UE Fundamentals of probalistic data mining

Degrees incorporating this pedagocial element :

Description

This lecture introduces fundamental concepts and associated numerical methods in model-based clustering, classification and models with latent structure. These approaches are particularly relevant to model random vectors, sequences or graphs, to account for data heterogeneity, and to present general principles in statistical modelling. The following topics are addressed:

  • Principles of probabilistic data mining and generative models; models with latent variables
  • Probabilistic graphical models
  • Mixture models and clustering
  • PCA and probabilistic PCA
  • Nonparametric density estimation
  • Generative models for series and graphs : hidden Markov models

Evaluation :

2-hours written exam (E1) and two reports on practicals or research work (P).The final mark in session 1 is obtained as 0.4E1+0.6P. The final mark in session 2 is obtained as E2 (a 2nd session written exam only).

Prerequisites

Fundamental principles in probability theory (conditioning) and statistics (maximum likelihood estimator and its usual asymptotic properties).

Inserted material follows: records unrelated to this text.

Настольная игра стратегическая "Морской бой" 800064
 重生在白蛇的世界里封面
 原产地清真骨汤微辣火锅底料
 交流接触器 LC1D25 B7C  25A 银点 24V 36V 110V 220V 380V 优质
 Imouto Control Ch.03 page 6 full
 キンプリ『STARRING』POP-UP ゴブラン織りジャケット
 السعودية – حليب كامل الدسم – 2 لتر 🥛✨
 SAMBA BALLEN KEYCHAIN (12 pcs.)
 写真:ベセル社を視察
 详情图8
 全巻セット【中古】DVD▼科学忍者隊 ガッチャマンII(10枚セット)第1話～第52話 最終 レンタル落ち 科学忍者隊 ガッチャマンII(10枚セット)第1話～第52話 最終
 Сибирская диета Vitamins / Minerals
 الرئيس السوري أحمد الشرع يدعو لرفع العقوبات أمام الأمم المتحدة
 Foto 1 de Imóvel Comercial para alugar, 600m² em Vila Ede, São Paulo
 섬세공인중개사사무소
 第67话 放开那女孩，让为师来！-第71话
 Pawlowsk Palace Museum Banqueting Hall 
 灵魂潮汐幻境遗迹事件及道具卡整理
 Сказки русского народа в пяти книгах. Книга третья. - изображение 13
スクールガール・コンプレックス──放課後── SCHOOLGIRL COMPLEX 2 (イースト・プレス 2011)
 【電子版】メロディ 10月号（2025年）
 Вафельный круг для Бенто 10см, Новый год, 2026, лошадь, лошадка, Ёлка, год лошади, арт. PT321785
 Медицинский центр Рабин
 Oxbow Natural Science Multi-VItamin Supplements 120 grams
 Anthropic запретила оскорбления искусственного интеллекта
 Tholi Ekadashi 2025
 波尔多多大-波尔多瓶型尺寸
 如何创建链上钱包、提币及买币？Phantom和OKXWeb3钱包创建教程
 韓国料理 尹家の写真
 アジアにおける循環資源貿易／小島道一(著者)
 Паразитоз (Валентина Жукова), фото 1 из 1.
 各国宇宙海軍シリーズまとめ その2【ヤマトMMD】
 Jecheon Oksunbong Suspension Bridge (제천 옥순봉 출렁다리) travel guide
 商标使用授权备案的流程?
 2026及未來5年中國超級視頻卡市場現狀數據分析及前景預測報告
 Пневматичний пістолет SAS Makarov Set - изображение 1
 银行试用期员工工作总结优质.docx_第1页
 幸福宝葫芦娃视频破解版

Constrained optimization, Lagrange multipliers.

Targeted skills

At the end of the course, the student will be able to perform model-based clustering, analysis and segmentation of time-series with hidden Markov models, build a graphical model associated with a given distribution and represent numerical multivariate data with missing coordinates into planes.

Bibliography

Lauritzen, S.L. Graphical Models. Clarendon Press, Oxford, United Kingdom, 1996.

Koller, D. and Friedman, N. Probabilistic graphical models: principles and techniques. MIT press, 2009.

Bishop, Christopher M. Pattern Recognition and Machine Learning. Springer Verlag, 2006.